Pat Jordan, a former Sports Illustrated staffer, wrote an eye-opening piece on Clemens in 2001. This year, he writes about trying to get an interview with Beckett for Slate and getting shot down. For comparison, an excerpt from the Clemens piece:
A French dilettante once said, ''I am such an egotist that if I were to write about a chair I'd find some way to write about myself.'' Clemens's egotism is more childlike and innocent. He doesn't realize that he sees himself as the center of his small universe, at the center of every story he tells. The man having the heart attack becomes a bit player; the point of the story is the interruption of Clemens's "good run."
From the Beckett article:
But, still, I thought it was a shame Josh wouldn't let me profile him in the Times. I had a long lunch with him a few years ago, when he was with the Florida Marlins, and came away thinking he was an interesting young man. At the time, and even now, Beckett had a reputation for being a surly, hard-ass, rednecked, Texas country boy in the way of old-timey ballplayers. But the Josh I met over lunch was smart, caustic, funny, sophisticated, and a much deeper and more nuanced man than his public gave him credit for. I would have loved to have burnished his image, to have shown his fans that side of him in a profile. But it wasn't to be. His fans then lost an opportunity to know the real Josh Beckett.

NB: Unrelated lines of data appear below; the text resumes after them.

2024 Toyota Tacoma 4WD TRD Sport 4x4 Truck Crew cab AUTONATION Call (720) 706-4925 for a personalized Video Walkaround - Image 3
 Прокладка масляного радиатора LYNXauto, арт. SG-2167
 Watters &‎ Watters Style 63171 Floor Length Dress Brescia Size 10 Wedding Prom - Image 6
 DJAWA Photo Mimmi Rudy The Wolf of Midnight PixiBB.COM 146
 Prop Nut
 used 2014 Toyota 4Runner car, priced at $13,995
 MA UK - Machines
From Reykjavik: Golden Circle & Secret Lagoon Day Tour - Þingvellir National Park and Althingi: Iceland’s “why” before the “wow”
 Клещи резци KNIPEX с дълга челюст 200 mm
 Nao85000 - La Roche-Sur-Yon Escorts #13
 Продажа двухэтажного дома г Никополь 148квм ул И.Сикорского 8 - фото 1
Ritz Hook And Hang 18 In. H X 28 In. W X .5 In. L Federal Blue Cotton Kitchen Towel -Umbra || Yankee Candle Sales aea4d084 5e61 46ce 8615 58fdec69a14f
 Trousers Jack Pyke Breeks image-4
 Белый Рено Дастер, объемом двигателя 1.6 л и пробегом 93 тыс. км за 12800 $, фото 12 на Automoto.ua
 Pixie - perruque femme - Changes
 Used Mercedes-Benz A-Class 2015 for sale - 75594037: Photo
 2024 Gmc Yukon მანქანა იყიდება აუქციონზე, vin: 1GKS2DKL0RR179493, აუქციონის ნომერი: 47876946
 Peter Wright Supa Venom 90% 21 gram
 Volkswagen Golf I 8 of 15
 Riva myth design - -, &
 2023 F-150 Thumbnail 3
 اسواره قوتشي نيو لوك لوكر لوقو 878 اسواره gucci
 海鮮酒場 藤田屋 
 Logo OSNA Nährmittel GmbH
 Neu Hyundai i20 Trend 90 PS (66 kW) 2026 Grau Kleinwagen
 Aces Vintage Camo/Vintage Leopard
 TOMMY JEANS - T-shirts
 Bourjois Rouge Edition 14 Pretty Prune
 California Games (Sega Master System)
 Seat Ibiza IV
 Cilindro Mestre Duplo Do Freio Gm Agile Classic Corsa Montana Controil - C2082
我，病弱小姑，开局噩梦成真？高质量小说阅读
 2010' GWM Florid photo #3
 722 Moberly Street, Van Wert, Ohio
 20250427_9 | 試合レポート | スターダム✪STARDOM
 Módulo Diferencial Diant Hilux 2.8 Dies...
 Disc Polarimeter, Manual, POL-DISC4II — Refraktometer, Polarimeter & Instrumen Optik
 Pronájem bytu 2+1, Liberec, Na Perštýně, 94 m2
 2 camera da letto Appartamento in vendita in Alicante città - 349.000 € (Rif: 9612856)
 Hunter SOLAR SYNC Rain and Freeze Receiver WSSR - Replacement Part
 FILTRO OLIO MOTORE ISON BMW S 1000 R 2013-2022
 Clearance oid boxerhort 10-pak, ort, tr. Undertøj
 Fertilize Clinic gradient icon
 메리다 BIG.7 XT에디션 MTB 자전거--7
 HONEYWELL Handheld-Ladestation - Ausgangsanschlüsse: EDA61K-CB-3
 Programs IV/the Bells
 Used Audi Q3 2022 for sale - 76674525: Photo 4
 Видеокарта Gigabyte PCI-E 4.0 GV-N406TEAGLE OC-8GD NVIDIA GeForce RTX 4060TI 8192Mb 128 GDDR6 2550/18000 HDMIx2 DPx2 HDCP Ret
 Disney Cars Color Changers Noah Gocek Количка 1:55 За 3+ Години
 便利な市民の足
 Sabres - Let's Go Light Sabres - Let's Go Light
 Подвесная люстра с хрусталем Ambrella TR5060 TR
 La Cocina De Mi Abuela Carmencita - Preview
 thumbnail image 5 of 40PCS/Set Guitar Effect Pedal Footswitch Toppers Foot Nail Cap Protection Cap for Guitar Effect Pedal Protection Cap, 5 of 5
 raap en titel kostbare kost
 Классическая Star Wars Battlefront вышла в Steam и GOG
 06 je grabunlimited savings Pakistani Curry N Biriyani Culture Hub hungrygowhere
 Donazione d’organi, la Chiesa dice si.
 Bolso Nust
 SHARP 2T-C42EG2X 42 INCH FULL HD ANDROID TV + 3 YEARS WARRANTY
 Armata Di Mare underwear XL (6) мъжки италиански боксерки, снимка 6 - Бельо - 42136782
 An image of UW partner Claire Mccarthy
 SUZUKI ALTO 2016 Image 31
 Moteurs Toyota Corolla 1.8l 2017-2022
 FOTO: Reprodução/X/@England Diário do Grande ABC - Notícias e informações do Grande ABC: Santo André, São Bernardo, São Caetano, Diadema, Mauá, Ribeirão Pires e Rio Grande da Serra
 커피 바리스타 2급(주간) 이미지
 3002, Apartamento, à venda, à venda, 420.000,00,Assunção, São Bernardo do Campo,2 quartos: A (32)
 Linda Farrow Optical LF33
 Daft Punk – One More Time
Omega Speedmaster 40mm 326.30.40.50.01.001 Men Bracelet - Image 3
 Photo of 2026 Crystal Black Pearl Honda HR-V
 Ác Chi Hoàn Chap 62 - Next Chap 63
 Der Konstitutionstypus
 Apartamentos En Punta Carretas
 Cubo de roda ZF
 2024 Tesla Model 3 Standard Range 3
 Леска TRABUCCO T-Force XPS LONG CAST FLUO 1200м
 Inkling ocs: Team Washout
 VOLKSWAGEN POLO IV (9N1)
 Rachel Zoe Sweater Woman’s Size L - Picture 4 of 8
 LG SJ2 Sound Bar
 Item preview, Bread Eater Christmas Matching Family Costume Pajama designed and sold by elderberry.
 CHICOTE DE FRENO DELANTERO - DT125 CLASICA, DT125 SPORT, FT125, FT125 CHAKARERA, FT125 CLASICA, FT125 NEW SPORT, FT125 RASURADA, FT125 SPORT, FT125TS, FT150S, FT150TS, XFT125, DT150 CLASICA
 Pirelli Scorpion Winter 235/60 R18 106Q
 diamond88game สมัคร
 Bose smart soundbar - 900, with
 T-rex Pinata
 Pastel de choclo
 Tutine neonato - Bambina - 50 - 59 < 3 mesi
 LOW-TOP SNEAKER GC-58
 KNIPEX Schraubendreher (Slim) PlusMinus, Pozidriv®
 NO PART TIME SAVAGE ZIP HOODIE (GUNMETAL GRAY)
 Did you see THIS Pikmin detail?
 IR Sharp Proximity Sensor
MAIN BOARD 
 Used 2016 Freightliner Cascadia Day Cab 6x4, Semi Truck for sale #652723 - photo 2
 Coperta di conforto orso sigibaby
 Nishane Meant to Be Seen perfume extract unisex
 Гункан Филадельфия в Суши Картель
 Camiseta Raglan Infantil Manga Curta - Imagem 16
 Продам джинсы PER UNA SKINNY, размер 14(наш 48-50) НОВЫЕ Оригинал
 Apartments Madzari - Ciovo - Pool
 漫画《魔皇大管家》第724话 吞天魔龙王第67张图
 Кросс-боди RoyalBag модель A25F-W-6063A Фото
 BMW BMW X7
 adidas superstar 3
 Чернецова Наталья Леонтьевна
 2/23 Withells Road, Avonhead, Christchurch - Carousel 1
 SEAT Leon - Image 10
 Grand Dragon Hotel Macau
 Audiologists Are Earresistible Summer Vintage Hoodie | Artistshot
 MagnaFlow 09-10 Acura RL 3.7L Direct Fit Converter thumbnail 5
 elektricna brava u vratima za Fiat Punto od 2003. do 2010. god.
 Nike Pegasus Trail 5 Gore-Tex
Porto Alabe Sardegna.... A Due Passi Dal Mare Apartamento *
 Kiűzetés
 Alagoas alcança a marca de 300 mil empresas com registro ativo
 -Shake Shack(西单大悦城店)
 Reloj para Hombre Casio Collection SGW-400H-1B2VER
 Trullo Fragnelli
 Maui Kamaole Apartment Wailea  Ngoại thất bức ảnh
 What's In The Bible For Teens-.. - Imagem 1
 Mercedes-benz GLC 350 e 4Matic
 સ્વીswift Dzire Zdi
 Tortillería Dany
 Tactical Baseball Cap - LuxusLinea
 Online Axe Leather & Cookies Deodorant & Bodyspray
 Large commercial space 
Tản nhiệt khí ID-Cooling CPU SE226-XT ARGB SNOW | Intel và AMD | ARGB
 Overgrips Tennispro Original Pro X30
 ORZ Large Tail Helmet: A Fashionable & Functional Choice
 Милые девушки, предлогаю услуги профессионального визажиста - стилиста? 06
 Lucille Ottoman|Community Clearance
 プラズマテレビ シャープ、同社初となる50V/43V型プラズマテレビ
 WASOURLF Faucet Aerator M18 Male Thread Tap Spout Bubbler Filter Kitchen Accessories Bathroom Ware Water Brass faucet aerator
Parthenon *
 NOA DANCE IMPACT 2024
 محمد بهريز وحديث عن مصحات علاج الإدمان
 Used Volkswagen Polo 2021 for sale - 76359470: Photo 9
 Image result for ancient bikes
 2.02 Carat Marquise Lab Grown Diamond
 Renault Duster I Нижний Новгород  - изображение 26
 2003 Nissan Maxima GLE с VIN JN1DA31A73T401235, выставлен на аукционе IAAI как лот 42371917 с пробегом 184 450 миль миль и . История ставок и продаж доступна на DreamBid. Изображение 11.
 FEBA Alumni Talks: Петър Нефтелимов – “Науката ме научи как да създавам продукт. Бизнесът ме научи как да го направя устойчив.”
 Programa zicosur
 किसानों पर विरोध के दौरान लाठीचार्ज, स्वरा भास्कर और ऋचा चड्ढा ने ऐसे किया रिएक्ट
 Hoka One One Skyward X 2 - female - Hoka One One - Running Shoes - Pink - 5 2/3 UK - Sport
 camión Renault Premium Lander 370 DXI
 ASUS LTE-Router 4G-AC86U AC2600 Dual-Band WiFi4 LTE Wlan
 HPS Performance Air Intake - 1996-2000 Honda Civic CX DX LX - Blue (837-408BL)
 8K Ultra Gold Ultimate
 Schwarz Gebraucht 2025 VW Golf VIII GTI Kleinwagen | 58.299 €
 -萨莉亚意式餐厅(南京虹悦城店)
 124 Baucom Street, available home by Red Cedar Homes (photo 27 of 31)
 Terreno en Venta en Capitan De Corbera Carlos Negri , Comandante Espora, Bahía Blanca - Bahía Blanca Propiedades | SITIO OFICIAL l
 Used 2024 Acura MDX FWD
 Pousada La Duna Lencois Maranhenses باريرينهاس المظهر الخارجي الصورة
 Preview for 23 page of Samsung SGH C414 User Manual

As a long-ago camera commercial once proclaimed, image is everything. On the surface, it's easy to say that Clemens and Beckett are cut from the same mold, but in reading these articles it's plain that they are not. Since everything has broken about Clemens many have asked me--how do you defend him? How can you still like him? They're not easy questions to answer, but I think I can say this--Clemens was after the brass ring, wanting to be mentioned in the same breath as Nolan Ryan, Tom Seaver, Steve Carlton. When he was younger Beckett said the same things, but as he matured he's become quieter, tougher on himself. Clemens merely looked at stuff like bad games as roadbumps on his way to the Hall of Fame.
I don't think Roger Clemens is a bad person. I think he got caught up in his own hype. I also think Josh Beckett, who has claimed Clemens as a hero numerous times, is watching Clemens and making notes to himself--"don't end up like that."